What happened in e1000 while kernel disables IRQ line?
Intel has released some fixes regarding to this issue several times.
Unfortunately, once fix has been released the next similar issue
came up again. The latest info from Intel in linux-netdev mailing
list shows that Intel has been released the newest patch for
I tried to find why one issue fixed then another one came up.
The scenario how this can be happened is, the fixes didn't "kill"
the root bug.
The most possible thing how spurious interrupts counted by kernel
reaches the limit of irqs_unhandled is, when the I/O APIC level is never
deasserted in some reasons.
Whatever version of e1000 driver you see, you will find a reset
command to NIC such as following line:
E1000_WRITE_REQ_IO(hw, CTRL, (ctrl | E1000_CTRL_RST));
By writing CTRL_RST to NIC, the ICR register will be set to 0 (zero).

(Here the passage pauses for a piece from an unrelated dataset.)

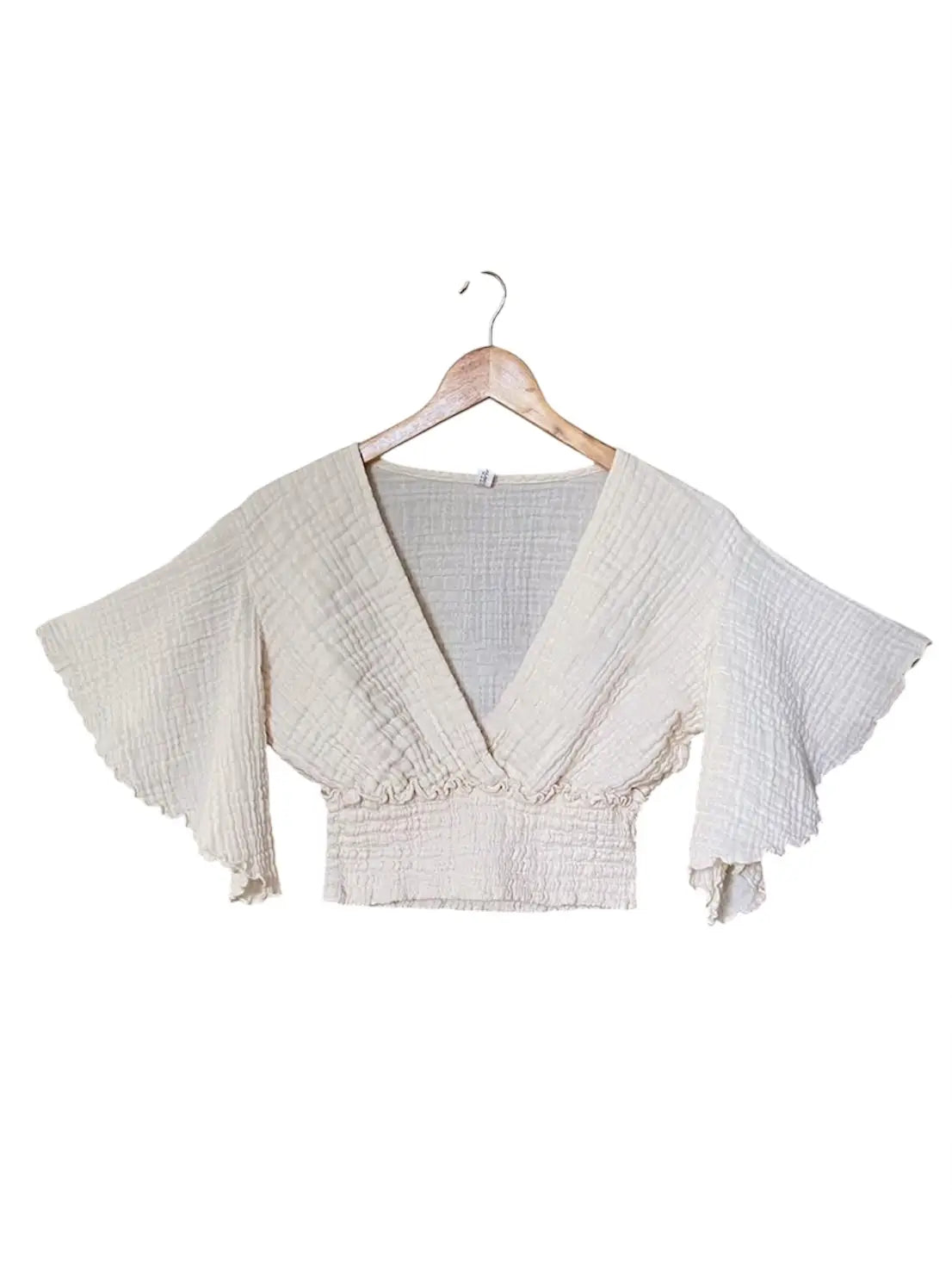 Bell Crop Top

As you can imagine here, zero-ing ICR without deassert I/O APIC level
will lead I/O APIC to send interrupt to local APIC continuously until
another interrupt comes and interrupt handler deasserts I/O APIC level.
How if another interrupt doesn't come? Well, the result is kernel
will disable IRQ line as all incoming interrupt signals to APIC will
be counted as spurious interrupt.
IMHO, as long as Intel doesn't fix how to reset NIC device, then
all the released fixes will be useless.